Friday, January 14, 2011

The Sweetest Spot

 During my trikking history, I have found what seem to be many illusive sweet spots. Today was the ultimate! Firstly I should define the "sweet spot" for the non-trikking unfortunates out there.

The sweet spot refers to when all the trikking actions along with your body are working in unison to propel the Trikke forward. It is sort of spiritual with the right and left brain functioning at the same time and crossing meridians and such. I don't have those details down yet.

So back to the bike path. I have been really fighting with the Trikke. That is not the way to ride. I was trikking in this hula-hoop fashion which feels like a circle eight of the body. I was really working it. And it was working me. Unbelievably,  there were sweet spots within that framework. That is the magic of the Trikke.

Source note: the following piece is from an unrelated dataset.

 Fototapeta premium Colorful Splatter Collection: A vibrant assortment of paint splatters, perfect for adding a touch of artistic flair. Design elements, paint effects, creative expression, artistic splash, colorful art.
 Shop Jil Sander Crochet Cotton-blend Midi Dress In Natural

I watched a video on YouTube that showed me a different way to ride, the correct way. I should be "pulling" the trike from side to side across the front of my body. And while doing that, turning the handlebars from side to side, almost slightly.

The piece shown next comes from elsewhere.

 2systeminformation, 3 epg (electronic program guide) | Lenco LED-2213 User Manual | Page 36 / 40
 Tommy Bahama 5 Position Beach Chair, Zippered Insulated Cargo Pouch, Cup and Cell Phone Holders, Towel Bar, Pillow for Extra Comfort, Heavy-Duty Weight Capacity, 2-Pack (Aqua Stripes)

It is momentum in action. I turn and whip the Trikke around that centrifugal force field. And whip around again. I don't have to work so hard, and I now know where the rock and roll in the slogan comes from. It all works so well when you work it right.

Saturday, January 8, 2011

Procrastination is a dirty word

My middle name is Procrastinator. If I can put a chore off, well, I do. There are so few things in my world that need immediate attention. And so a very bad habit has developed.

And yet this cannot continue. Things are piling up around my ears. If I don't stop procrastinating I will drop into the much scarier world of hoarding.

The prospect of becoming a hoarder has made me more aware of my bad habit of putting everything off. It's a vicious cycle. There is something that is so sad about hoarders. And yet, I am beginning to understand the illness.

It springs from the feeling of "not enough." I can understand the feeling of not enough. I come from that family. I was conditioned to believe there was not enough from an early age. My mother confided in me as a child. "Where are we going to get the money for...?" was a familiar theme. And then she would lite another cigarette.

As an adult, I function under the prospect of not enough. There certainly is not enough money to last a month. And from that, all else springs. With that in mind, I tend to hold onto things I may need in the future. The thing is, I never seem to need exactly what I save.

Now is the time to take that leap of faith. I can let go of some of my unused items. I will be able to provide everything I need. And I have everything I need right now, in this moment.

And so a new goal is born -- winter cleaning!